### YOUR OBJECTIVE
For the records below, output word for word the lines from the one with "Torres Apartamento |" up to and including the one with "17978 130th Ave, Nunica, MI 49448". No pictures.

### DATA IN THIS EXERCISE
· · ·

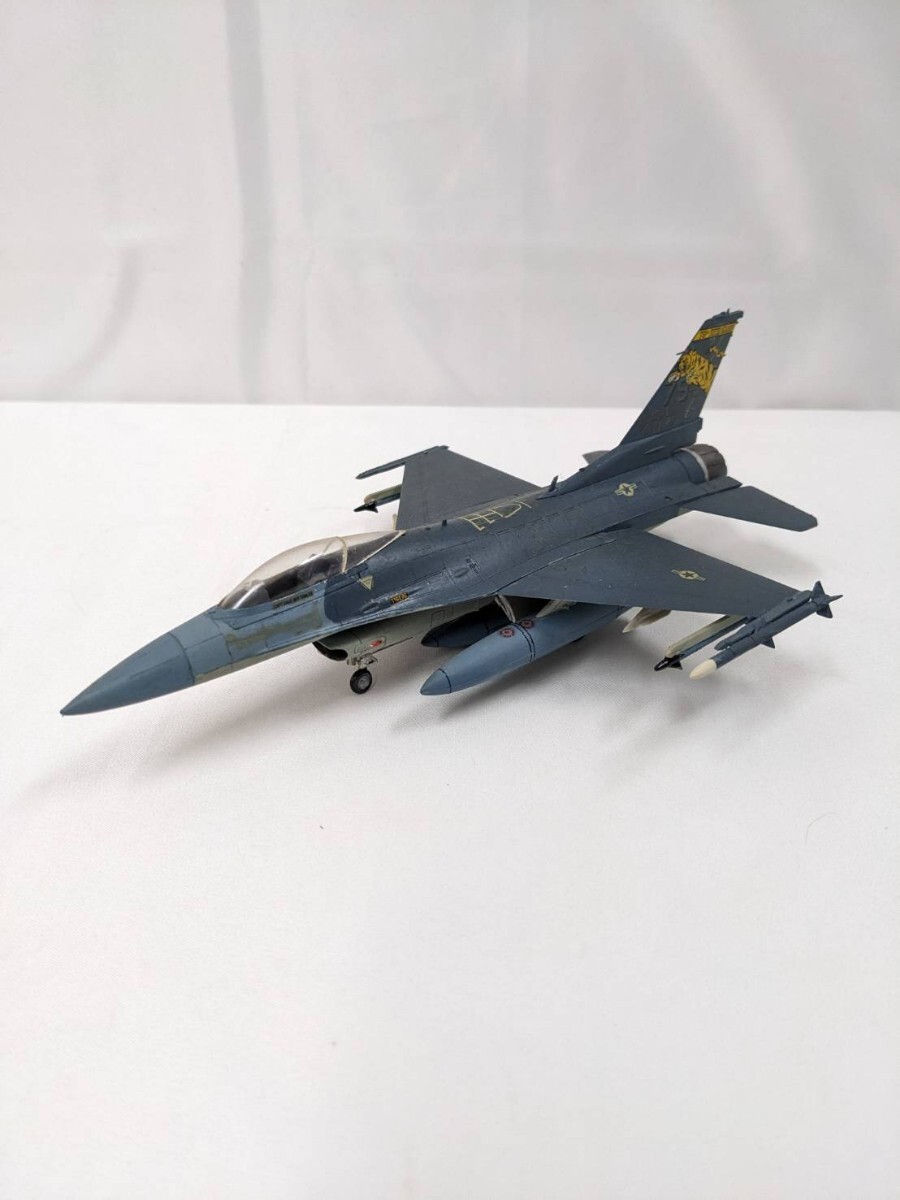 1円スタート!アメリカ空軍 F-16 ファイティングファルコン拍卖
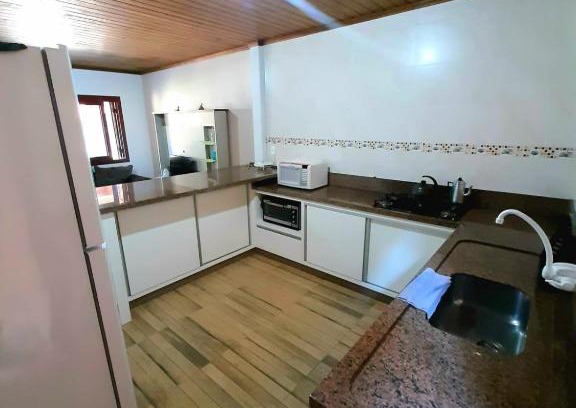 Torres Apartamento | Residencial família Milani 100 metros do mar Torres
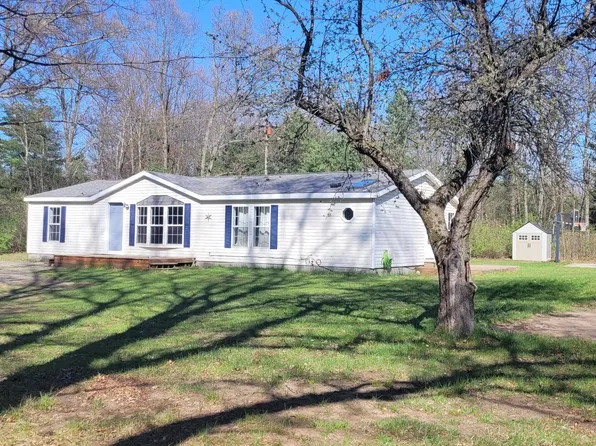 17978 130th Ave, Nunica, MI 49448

· · ·

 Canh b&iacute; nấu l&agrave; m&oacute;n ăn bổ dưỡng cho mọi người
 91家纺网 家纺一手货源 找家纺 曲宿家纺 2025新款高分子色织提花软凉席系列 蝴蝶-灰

· · ·

### RESULT BELOW
 Torres Apartamento | Residencial família Milani 100 metros do mar Torres
 17978 130th Ave, Nunica, MI 49448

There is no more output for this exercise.